Mais pourquoi le Courrier, qui se connaît si bien en fabrique, et qui exalte aujourd’hui l’heureux sort des ouvriers en soie, ne parle-t-il pas des articles unis où les ouvriers peuvent à peine gagner de 20 à 30 sous par jour ? que ne parle-t-il de l’article schalls, fléau des chefs d’ateliers et qui a causé leur ruine, les frais absorbant toujours au-delà des bénéfices ? Mais le Courrier de Lyon parle de la condition des soies ! il énumère les ballots qui en sont sortis ! Eh ! qu’importe aux ouvriers tout ce trafic de soies ! s’ils sont toujours dans le même état de détresse, si l’on n’augmente pas leur façon au point où ils puissent vivre et élever leurs familles ! Parler ainsi de la prospérité du commerce, tandis que l’ouvrier est toujours dans la même position ; c’est vraiment insulter à sa misère.

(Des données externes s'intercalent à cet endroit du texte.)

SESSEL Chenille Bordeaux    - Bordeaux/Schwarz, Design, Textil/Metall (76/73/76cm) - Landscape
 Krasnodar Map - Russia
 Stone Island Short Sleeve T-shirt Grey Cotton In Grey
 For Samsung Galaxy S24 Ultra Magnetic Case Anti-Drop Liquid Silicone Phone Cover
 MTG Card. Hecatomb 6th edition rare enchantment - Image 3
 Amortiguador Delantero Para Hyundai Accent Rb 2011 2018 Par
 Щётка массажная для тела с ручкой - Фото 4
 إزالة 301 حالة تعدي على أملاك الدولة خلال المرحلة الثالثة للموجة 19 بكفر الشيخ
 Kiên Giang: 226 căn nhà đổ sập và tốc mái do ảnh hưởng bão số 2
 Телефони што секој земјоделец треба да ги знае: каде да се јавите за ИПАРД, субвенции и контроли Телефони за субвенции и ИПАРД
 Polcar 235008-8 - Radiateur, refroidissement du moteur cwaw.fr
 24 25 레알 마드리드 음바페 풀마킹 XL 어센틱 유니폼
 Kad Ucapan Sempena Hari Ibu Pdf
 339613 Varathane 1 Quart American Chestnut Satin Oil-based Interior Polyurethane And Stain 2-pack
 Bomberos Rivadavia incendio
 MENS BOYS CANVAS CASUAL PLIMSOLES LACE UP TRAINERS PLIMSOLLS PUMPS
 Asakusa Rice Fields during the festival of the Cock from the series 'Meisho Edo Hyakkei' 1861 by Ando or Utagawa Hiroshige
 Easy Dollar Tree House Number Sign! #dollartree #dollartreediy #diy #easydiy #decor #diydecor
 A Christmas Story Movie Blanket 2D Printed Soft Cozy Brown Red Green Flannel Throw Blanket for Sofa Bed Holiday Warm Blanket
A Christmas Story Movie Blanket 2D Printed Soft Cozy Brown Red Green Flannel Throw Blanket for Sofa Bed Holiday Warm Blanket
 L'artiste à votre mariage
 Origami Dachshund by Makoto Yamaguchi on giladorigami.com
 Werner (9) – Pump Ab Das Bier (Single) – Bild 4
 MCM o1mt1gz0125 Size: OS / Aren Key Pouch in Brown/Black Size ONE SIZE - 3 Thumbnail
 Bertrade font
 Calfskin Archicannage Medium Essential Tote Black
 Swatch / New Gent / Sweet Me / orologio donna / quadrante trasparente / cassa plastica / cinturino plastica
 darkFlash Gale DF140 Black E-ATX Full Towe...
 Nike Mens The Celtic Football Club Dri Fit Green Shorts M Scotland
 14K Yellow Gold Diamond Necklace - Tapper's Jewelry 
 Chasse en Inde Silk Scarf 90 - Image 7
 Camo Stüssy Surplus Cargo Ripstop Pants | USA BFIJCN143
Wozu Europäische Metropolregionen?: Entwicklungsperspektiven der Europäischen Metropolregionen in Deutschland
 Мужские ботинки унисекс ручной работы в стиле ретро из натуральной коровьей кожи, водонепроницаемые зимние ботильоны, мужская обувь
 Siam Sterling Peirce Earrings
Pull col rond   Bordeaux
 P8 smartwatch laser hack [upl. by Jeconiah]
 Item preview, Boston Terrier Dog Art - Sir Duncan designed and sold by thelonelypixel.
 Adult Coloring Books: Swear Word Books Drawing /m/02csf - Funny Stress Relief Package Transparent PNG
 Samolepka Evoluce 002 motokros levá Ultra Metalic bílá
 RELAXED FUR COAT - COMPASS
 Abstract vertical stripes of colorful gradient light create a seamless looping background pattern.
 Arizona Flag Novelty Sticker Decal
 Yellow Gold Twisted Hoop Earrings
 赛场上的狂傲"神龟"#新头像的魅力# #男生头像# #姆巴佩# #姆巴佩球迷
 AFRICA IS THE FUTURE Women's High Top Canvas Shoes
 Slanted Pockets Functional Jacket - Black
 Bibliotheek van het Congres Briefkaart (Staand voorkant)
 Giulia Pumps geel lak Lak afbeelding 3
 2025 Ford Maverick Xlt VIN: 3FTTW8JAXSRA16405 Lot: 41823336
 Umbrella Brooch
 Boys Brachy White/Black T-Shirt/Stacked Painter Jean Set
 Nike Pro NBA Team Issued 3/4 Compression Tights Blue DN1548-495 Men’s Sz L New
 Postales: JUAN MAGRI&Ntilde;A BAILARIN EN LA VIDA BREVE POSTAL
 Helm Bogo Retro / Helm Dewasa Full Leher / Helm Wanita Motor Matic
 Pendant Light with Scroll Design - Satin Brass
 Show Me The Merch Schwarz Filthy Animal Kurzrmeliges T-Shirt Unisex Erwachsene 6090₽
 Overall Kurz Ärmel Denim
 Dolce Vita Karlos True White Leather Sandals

Le Courrier trouve que ne nous nous occupons pas assez de la spécialité de la fabrique ; nous prions, à notre tour, cette feuille de ne plus s’en occuper, parce que certes elle n’est pas là dans son élément ; c’est dans son intérêt que nous lui faisons cette prière ; car rien n’est plus propre à augmenter le ridicule dont elle est dotée. Enfin, qu’elle nous laisse en paix, qu’elle cesse ses attaques maladroites contre nous, et nous aurons plus de temps à consacrer à la classe qui nous intéresse, n’ayant plus à répondre à ses calomnies, à ses mille et une divagations.

Notes (LYON.)
1 L’auteur de ce texte est Antoine Vidal d’après la Table de L’Echo de la Fabrique (numéros parus du 30 octobre 1831 au 30 décembre 1832).